- From: Chris Lilley <chris@w3.org>
- Date: Wed, 16 Apr 2003 00:10:43 +0200
- To: Tim Bray <tbray@textuality.com>
- CC: "Ian B. Jacobs" <ij@w3.org>, www-tag@w3.org
On Tuesday, April 15, 2003, 11:55:03 PM, Tim wrote: TB> Chris Lilley wrote: >> I would not like people to get the impression from reading these >> minutes that i am in favour of 'canonicalizing' IRIs by hexifying >> them. Like Martin says and like the IRI spec says, only do this as a >> last resort when using antiquated transport protocols. Better is to >> use whatever method (quoted-unreadable, base64, ncr, \u) the >> environment provides to preserve the original characters. TB> I think I agree, but that last sentence is potentially very misleading. TB> If the IRI is embedded in an XML document, the IRI's Unicode TB> characters should appear in the infoset as themselves and *only* as TB> themselves unless they IRI/URI-special characters like '#' or '%', in TB> which case they should appear *only* as %-escapes.

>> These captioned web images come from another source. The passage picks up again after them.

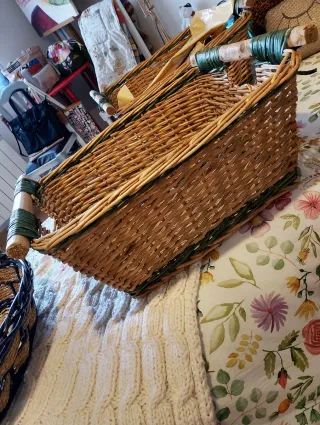 2Cestas mimbre grandes azul y marrón y regalo otr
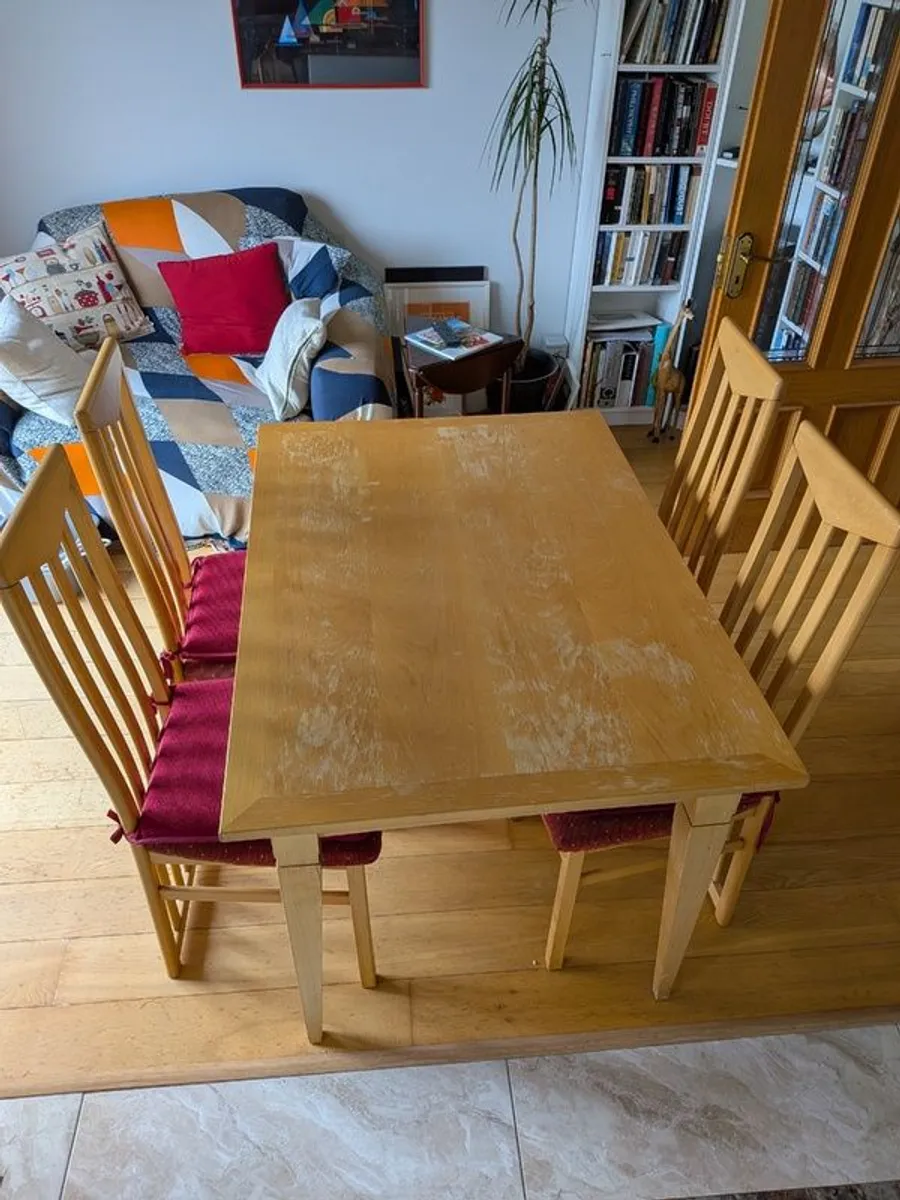 Wooden dining table and 4 chairs - Image 1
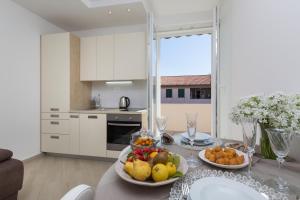 Central Boutique Apartments with balconies, in walking distance to the sea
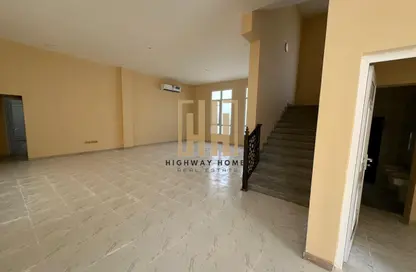 Villa - 4 Bedrooms - 6 Bathrooms for rent in Al Nouf 3 - Al Nouf - Sharjah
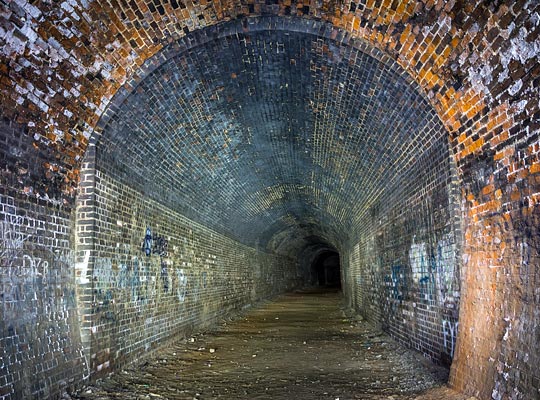 Again, a short section of red-brick lining was retained beyond the south portal, although its profile as not so 'horseshoe' as at the other end.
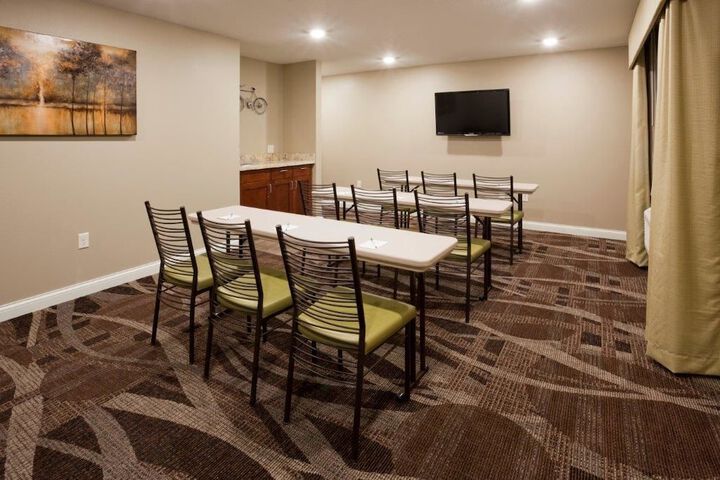 AmeriVu Inn and Suites - Chisago City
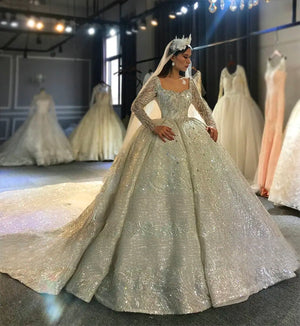 Customized Dubai Princess Luxury Beaded Long Sleeve Wedding Dress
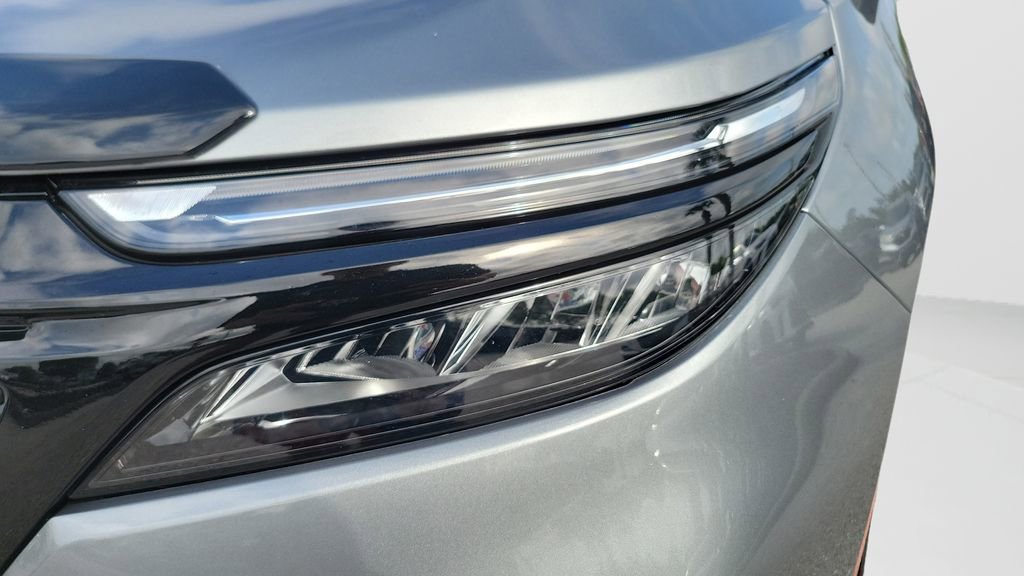 Used 2024 Chevrolet Equinox RS w/ RS Leather Package image 9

In the XML TB> instance, this may be accomplished by having them appear as themselves TB> (if you're using an encoding that supports them) or via NCRs. TB> In the XML context, other mechanisms such as \u or base64 should not be TB> used. Oh - yes, of course. I was just alluding to other environments having other ways to do the same thing. Using a method that your environment does not provide does not preserve the character, I agree. Although, if you are sending an XML file by email, using a protection of the transport (base64 transfer encoding) with the actual characters as themselves in the file is exactly the same as changing the XML so that all the non-ASCII characters are NCRs, except it preserves the readability on the other end so is in fact better. -- Chris mailto:chris@w3.org
Received on Tuesday, 15 April 2003 18:10:54 UTC